Là où la film est très incisif, c'est que le réalisateur, joué par lui-même, compense la frustration de rater son sujet, de ne pas pouvoir se placer directement au niveau de l'enjeu historique et le reproduire, par un sadisme discret envers ses acteurs . Parce que le film est sur la guerre et le régime d'Antonescu, le fait que le tournage soit lui-même une épreuve pour ses acteurs devrait lui apporter un surcroît de véracité, mais c'est bien sûr faux. C'est que d'un certain côté, la seule chose qui soit entre le fait de se placer avant l'histoire (la nostalgie rétro) ou après (le moralisme et la prédiction du passé - copyright Daney) est le corps des acteurs eux-mêmes. Et le film le montre de façon brillante, assez caustique.

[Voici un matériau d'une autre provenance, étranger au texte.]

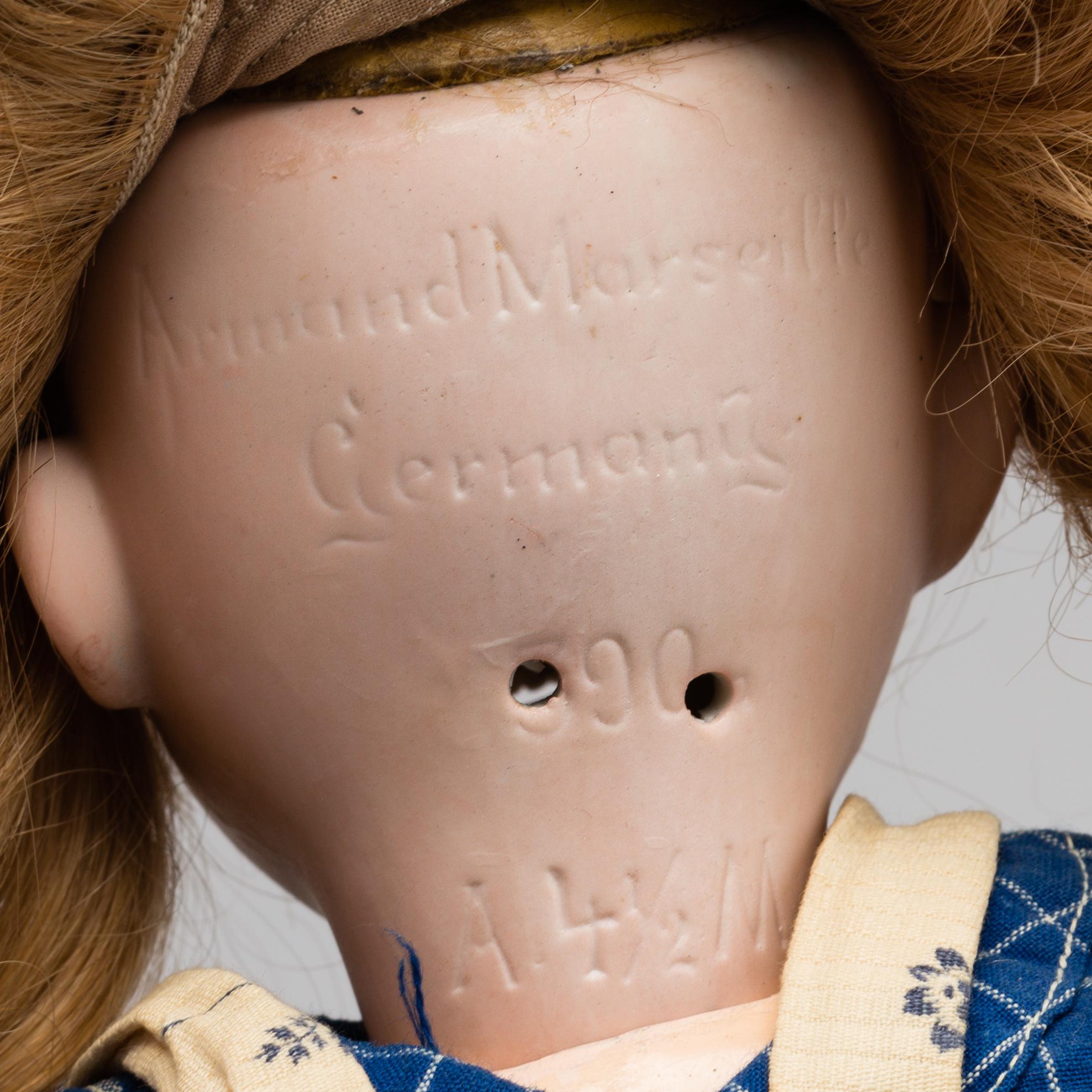 A DOLL FROM Armand Marseille MODELL NR 390. EARLY 20TH CENTURY.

Loony Porn me l'a beaucoup rappelé mais Secvente me semble plus fort, à la fois moins cynique et moins moralisateur. Dans le segment central, la femme adultère cloîtrée dans sa chambre joue par exemple le même rôle que la grand-mère cachée de Loony Porn (qui pue comme l'histoire comme le relève finement le Polyester), sauf qu'ici la rencontre a lieu, l'équipe de tournage la voit, et ne peux alors plus jouer au procureur. Formellement à ce moment là le film bascule même de manière assez séduisante dans un presque fantastique (le retour de l'obturateur lorsque le bus s'éloigne dans la neige, le travelling du bus qui plonge le tenancier dans l'immensité noctunre). C'est que Tatos a conscience qu'un discours de critique politique qui parle au nom de l'autre, de son respect et de la justice, ne les saisit pas forcément directement pour autant. Il sait que son film est situé dans cet intervalle qui est finalement l'affaire du spectateur : c'est ce qui le regarde.
Le montage, le travail sur le son (la fausse musique de la prise) le soin apporté aux mouvement de caméra (le travelling arrière à la grue qui clôt le film depuis la bouche muette et simulant la parole des figurants) sont aussi remarquables.